Plato’s dialogue of the Laws, continues in the short appendix known as the Epinomis,* written most likely not by Plato himself, but by the student Philip of Opus, who is also said to have “transcribed” the Laws from the wax tablets left unfinished by Plato at the time of his death. Speaking is the Athenian visitor, the primary interloculator of the Laws:

“Of all the sciences that now exist, which one would render humans the most unintelligent and senseless of living things, if it completely disappeared from the human race or had not been developed? In point of fact, it is not at all hard to identify. If we compare, so to speak, one science with another, we will see that the one that has given the gift of number would have this effect upon the entire mortal race. ...

“ ... [W]e were very right to observe that if the human race were deprived of number, we would never come to be intelligent in anything.
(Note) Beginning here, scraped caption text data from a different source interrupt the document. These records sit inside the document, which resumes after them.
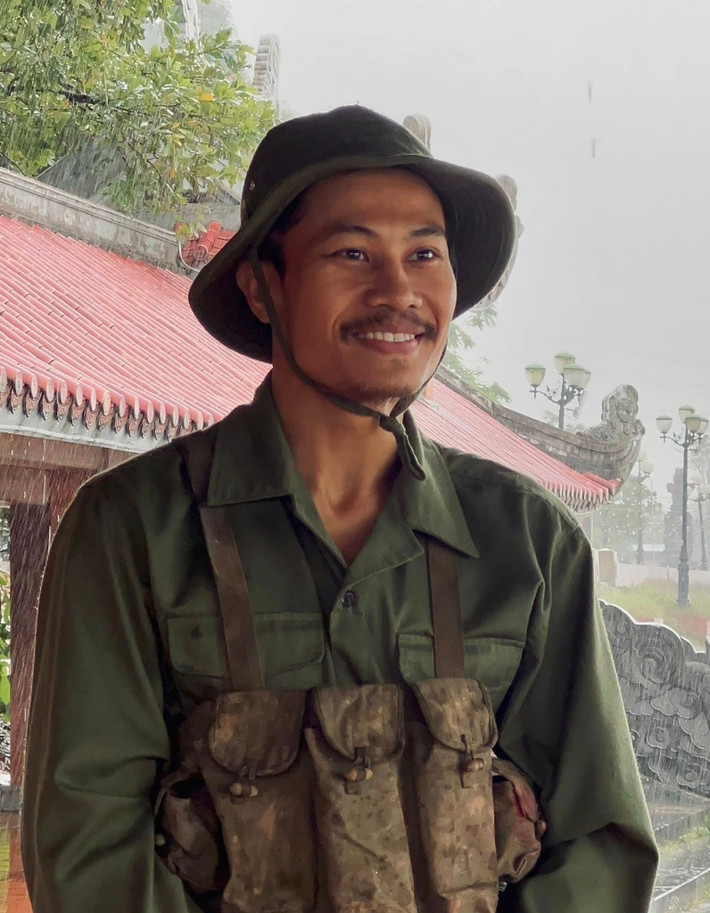 Phương Nam chia sẻ trên Tiền Phong, nhân vật Tạ giống với người ông nội liệt sĩ của anh. Ảnh: FB Phương Nam.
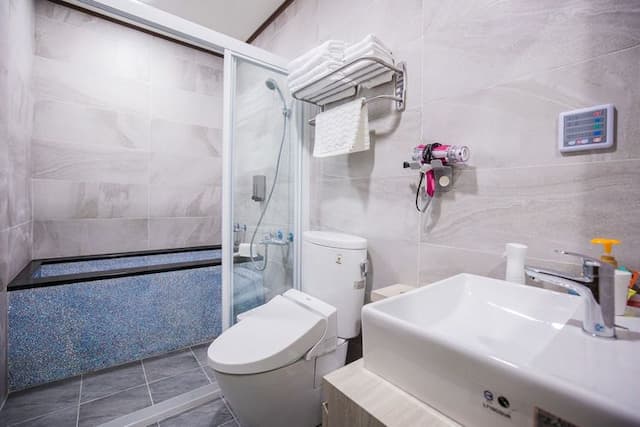 Lanyue Childlike Heart Family Homestay-Devil's Castle Slide Quad Room-5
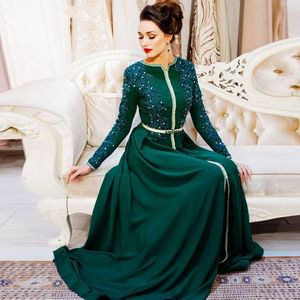 Zielony Muzułmański Marokański Kaftan Matka Bride Sukienek Crew Zroszony Aplikacje Dubaj Saudyd Vestido De Renda Długie Rękawy Suknie Wieczorowe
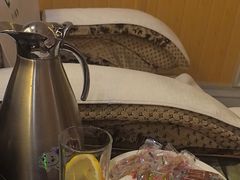 -汤泉良子.足疗按摩.SPA(中关村店)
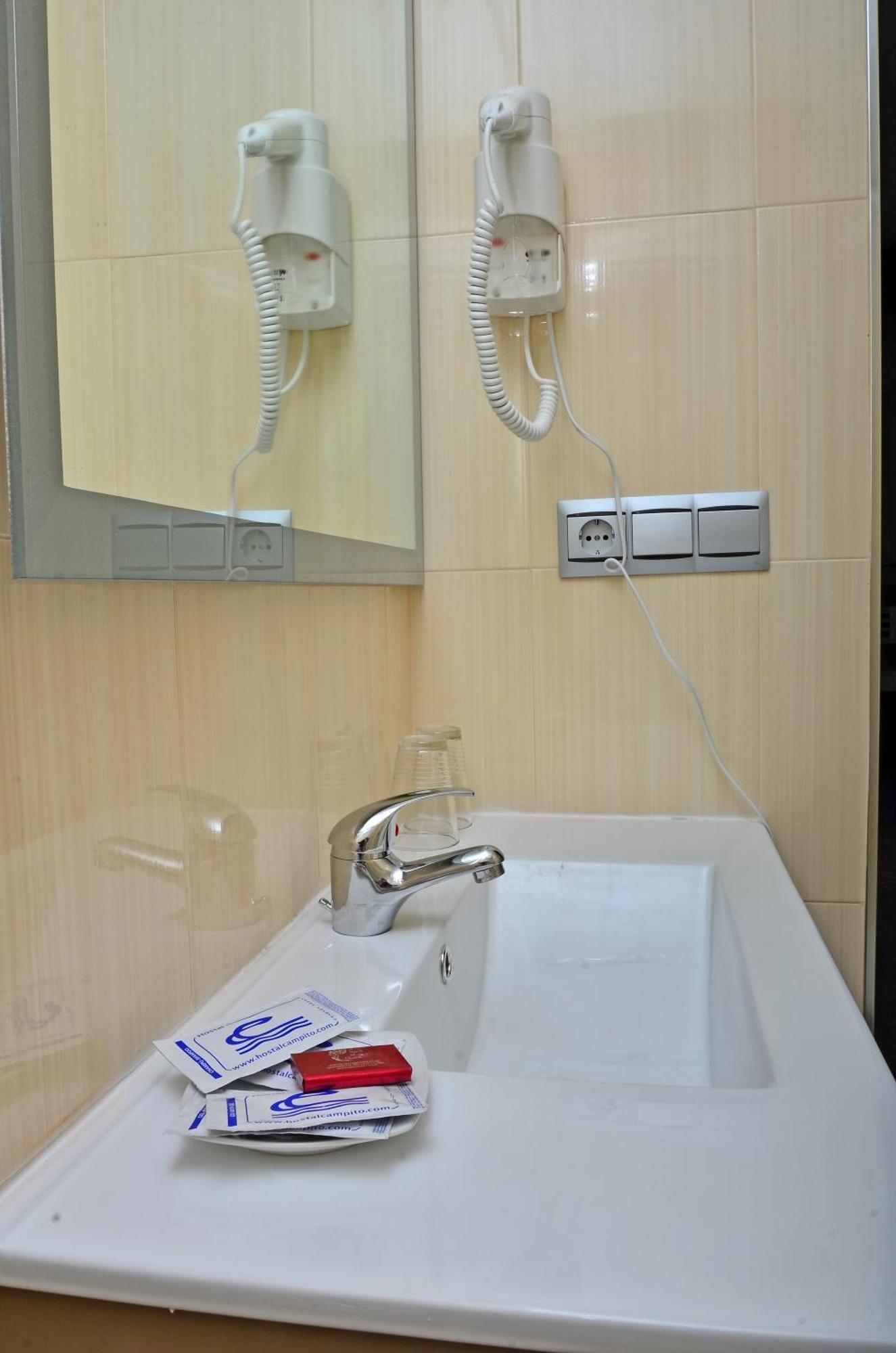 קוניל דה לה פרונטרה Hostal Campito חדר תמונה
We would be animals unable to give a rational account [logos], and our soul would never obtain the whole of virtue. An animal that does not know two and three, or odd and even, one that is completely ignorant of number, could never give an account of the things it has grasped by the only means available to it—perception and memory. But while nothing prevents it from possessing the remainder of virtue—courage and moderation—no one deprived of the ability to give a true account can ever become wise, and anyone lacking wisdom, which is the greatest part of all virtue, can never become completely good or, in consequence, happy. Thus, it is altogether necessary to employ number as a basis, though why this is necessary would require a still longer account than all I have said. But we will also be right in stating the present point, that regarding the achievements attributed to the other arts [technical skills; not liberal or fine arts], the ones we recently surveyed when we allowed all the arts to exist, not a single one remains. They are all completely eliminated when we take away the science of number.

‘The Gererated World’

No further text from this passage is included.